Our pension has to fund our lifestyle for 20 to 30 years after we retire or reach state pension age so ignoring the need for a private pension is no longer a viable option. Assessing your pension pot as you approach retirement, with tools such as online planners and pension calculators, is very important as you will be faced with many options when you do hit retirement age so you must ensure you are ready.
Beware of annuity options
Even if we’ve followed all the rules and our pension pots are in place, be careful of annuity options. At retirement age you can often take up to 25 per cent of your pension tax-free with the remaining being taken as a taxable income. This is possible through an annuity which offers a guaranteed income for life but there are many annuities available. It’s important to do your research and not just go with the plan your pension holder offers as once you take it out you can’t change it.
You don’t have to take out an annuity, you could opt to re-invest the rest into investment funds which could give you more but it’s not a guaranteed income for life.
Get the right advice
If you’ve never used a financial adviser before it should be a serious consideration as you approach retirement. This is vital given the new pension rules which offer many opportunities for your money. Get a pension forecast six to 12 months before you retire and let HMRC know you are going to retire four months beforehand. The right advice will help to eliminate the risks for those of us that don’t know what we’re doing.

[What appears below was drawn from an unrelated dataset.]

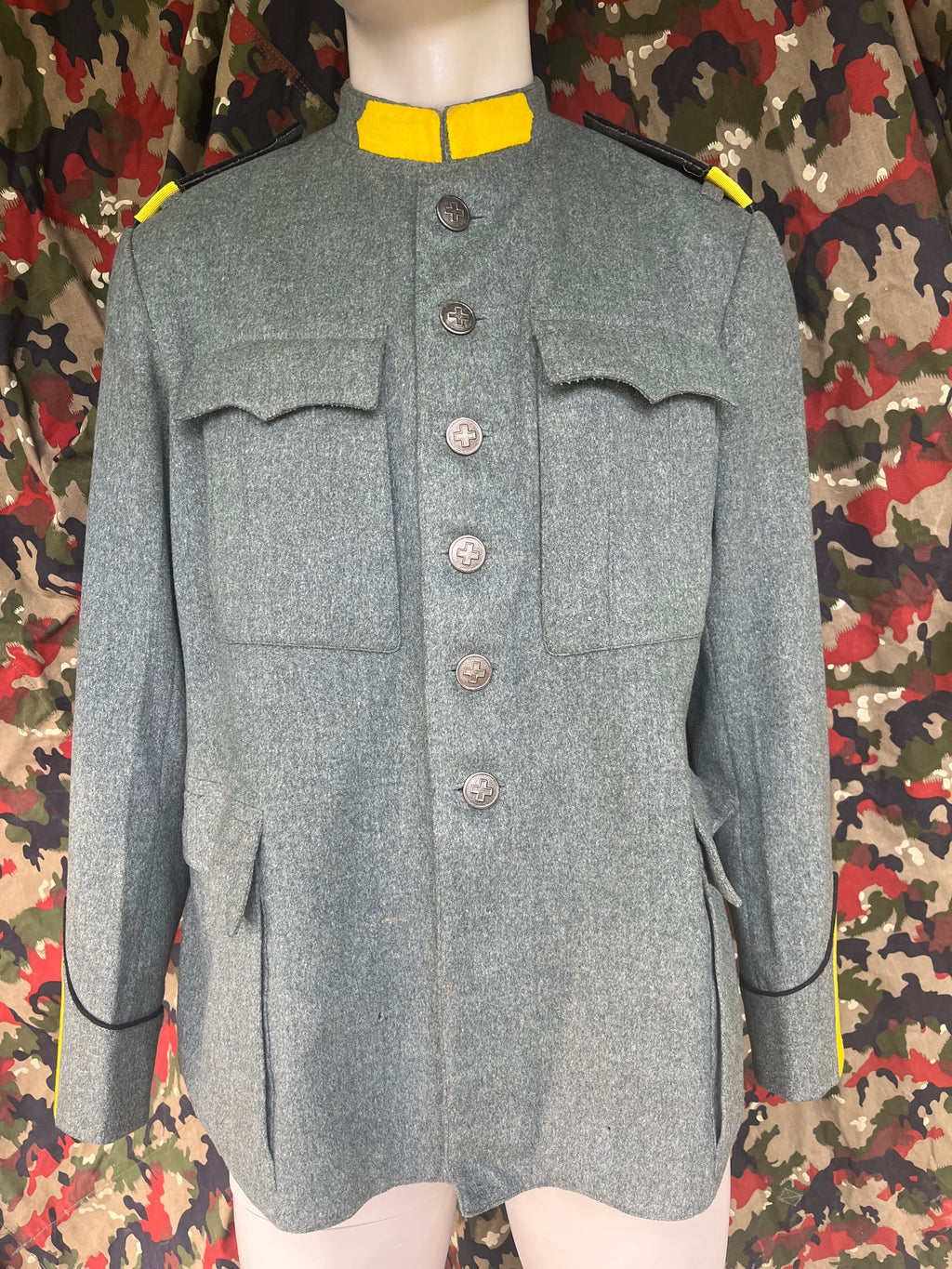 WW2 Swiss army cavalry rider dragoon jacket uniform soldier ord.26 early war tunic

Putting your eggs in one basket
Many of us rely on our home to provide us with some kind of income when we retire which is understandable given the rate that house prices are going up. But this isn’t often realistic as the only way we can access the equity in our home is by selling it, which is only possible if you want to trade down.
Leaning on your partner
With the introduction of the new state pension in 2016 comes the end of the married person’s allowance. This allowance has meant people with few state pension entitlements can get a top up by using their partner’s National Insurance record. However when new rules come in the pension allowance will solely rely on the individual’s national insurance contributions thus making it crucial we all take responsibility for our own pension pot.
Being prepared before your retirement date will ensure you don’t get any unwanted surprises when you retire in terms of income. There are many ways to top up your pension pot and it’s important to take advantage of these and speak to a professional before you start accessing your funds.